Start of Source data
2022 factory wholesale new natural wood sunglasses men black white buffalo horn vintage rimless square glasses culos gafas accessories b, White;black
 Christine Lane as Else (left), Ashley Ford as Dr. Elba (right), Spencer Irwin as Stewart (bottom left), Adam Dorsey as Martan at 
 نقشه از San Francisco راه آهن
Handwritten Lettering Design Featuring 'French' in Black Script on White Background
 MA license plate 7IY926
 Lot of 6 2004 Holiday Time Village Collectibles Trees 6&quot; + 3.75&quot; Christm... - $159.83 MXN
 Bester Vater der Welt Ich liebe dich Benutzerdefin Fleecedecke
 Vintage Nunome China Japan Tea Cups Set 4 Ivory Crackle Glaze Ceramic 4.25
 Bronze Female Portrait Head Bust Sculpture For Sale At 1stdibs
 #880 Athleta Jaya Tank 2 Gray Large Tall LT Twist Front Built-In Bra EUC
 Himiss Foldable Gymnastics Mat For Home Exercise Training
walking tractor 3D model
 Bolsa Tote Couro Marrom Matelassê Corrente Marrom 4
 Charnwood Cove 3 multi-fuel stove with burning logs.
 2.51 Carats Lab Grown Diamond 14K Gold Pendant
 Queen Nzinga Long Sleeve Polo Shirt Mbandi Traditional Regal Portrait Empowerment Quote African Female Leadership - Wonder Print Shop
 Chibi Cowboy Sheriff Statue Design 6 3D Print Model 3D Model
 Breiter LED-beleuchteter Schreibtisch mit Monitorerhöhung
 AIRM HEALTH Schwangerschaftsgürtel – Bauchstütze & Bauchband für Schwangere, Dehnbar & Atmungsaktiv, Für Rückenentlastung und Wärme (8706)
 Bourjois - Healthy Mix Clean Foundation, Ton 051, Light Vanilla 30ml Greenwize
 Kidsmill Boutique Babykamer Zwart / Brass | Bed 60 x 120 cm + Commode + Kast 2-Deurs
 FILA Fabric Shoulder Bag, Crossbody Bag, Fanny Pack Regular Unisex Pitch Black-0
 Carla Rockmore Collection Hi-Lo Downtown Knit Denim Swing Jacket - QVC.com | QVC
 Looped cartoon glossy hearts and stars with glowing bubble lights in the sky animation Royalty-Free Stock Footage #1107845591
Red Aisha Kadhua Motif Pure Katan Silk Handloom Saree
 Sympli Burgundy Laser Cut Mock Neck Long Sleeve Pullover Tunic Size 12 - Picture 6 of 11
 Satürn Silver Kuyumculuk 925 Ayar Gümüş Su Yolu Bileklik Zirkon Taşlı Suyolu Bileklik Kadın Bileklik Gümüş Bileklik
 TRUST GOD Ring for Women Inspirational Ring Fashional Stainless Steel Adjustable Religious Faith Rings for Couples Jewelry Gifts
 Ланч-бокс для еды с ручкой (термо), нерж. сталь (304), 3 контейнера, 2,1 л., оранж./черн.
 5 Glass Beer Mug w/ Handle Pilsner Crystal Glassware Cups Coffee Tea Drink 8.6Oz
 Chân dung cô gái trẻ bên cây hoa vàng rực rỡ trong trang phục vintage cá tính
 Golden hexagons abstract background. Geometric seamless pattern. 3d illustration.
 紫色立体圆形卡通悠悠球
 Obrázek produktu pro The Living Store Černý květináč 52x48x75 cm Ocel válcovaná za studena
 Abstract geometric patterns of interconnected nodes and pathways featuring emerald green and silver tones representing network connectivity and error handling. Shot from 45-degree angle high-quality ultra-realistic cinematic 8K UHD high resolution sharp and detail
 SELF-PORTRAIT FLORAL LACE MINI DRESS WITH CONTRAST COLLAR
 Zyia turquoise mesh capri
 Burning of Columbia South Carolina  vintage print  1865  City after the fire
End of Source data
Your task: Copy each line above that contains the string "Design".

Task answer:
Handwritten Lettering Design Featuring 'French' in Black Script on White Background
 Chibi Cowboy Sheriff Statue Design 6 3D Print Model 3D Model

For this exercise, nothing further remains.